Friday, August 17, 2007

Who was Augustin Mottin de la Balme?

Augustin Mottin de la Balme was a French cavalry officer who served in Europe during the Seven Years War and in the United States during the American Revolution.

Augustin Mottin was born 28 August 1733, in the French Alps near Saint-Antoine, the son of a tanner. He served as a trooper in the distinguished “Scottish” company of the Gendarmerie de France during the Seven Years War.

The French forces were nearly destroyed at the Battle of Minden, but Augustin Mottin was one of the surviving French Cavalry officers. Incidentally, another French officer, Colonel Lafayette, was killed in the battle, leaving his two-year old son Gilbert du Mottier with the title "Marquis de Lafayette". The British forces at Minden were under the command of Lieutenant General Lord George Sackville, who was court-martialed for failing to crush the defeated French. All of these names would become familiar during the American Revolution.

Following the war, Augustin studied horsemanship, eventually becoming master at the Gendarmerie’s Riding School in LunĂ©ville. Mottin was promoted to Fourrier-Major in 1766, and retired with a pension in 1773. Using the assumed name “Mottin de La Balme,” he wrote a book on horsemanship in 1773, followed with a book on cavalry tactics in 1776.

Augustin de La Balme left for the United States to assist in the American Revolution. In 1777, he was appointed as the Colonial Army’s Inspector General of Cavalry. Upon learning that Casimir Pulaski would be in command of the United States Cavalry, La Balme resigned in October of 1777.

In 1780, allegedly under secret orders from General Washington, but as likely acting on his own, he traveled down the Ohio River to Kaskaskia. The success of General Clark’s capture of Fort Sackville at Vincennes inspired La Balme to attempt a similar feat against the British at Fort Detroit. La Balme recruited a militia force from among the French citizens of Kaskaskia, Cahokia, and Vincennes, then started up the Wabash River with the expectation of adding to his force from the French villages of Ouiatenon (present day Lafayette, Indiana) and Kekionga (present day Fort Wayne). La Balme apparently expected French residents at Fort Detroit to join him as well once they arrived.

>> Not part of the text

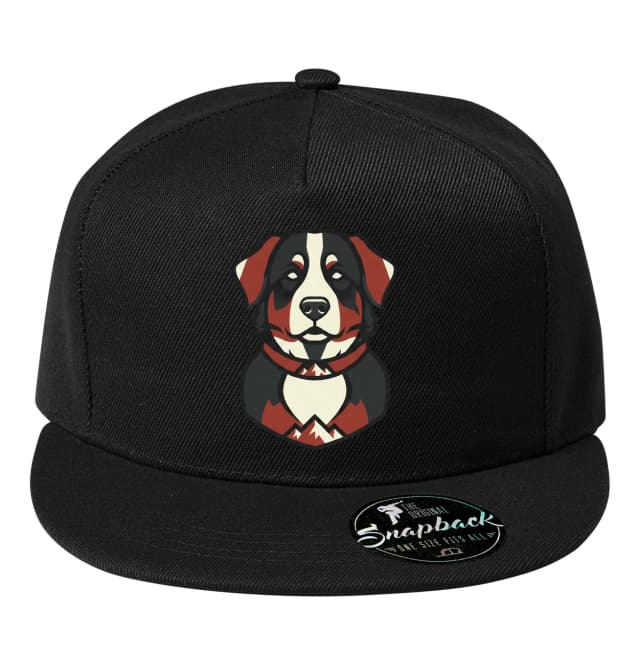 Snapback Bernese Mountain Dog Trikolóra Stylizovaný Horský Pes S Grafickými Horami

La Balme's force had little opposition until reaching Kekionga, where they raided British stores for over three days while awaiting reinforcements that never arrived. Upon learning of the return of a Miami hunting party to Kekionga, Le Balme departed to raid another trading post on Eel River. Leaving some twenty men to guard the captured stores at Kekionga, his force marched out over the Eel River trail (the same trail Colonel John Hardin would follow ten years later).

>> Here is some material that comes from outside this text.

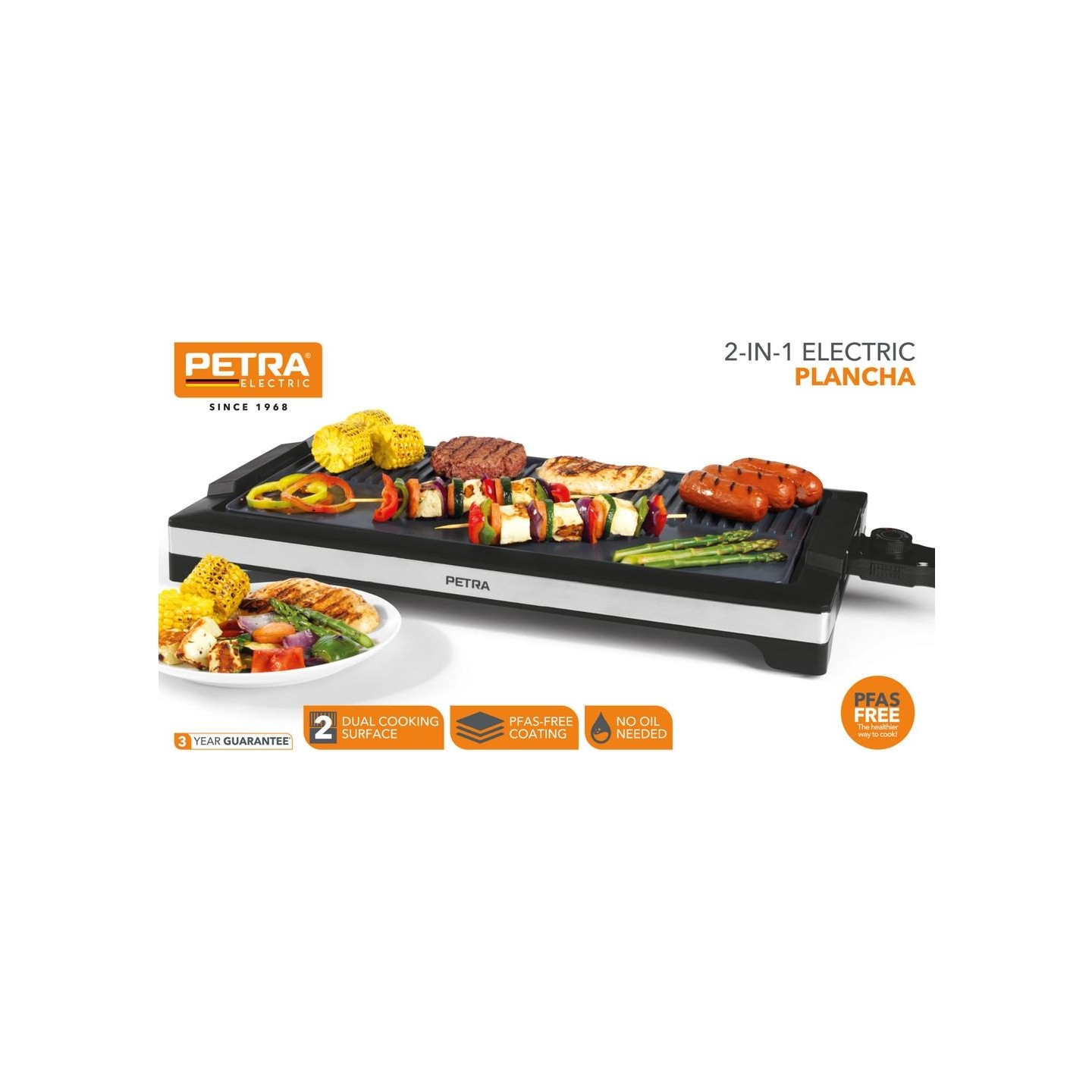 Petra PT6244VDE 2-in-1 Electric Plancha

The Miami Indians, learning of the intrusion, destroyed the small group of men left at Kekionga. Chief Little Turtle, who lived in a village along the Eel River, attacked La Balme before he reached the Eel River trading post. La Balme and his men fortified themselves on the banks of the river. There remains some confusion as to the length of the battle; accounts of the siege vary from several days to several weeks. They were eventually defeated by an overwhelming force, and only a few survivors managed to escape.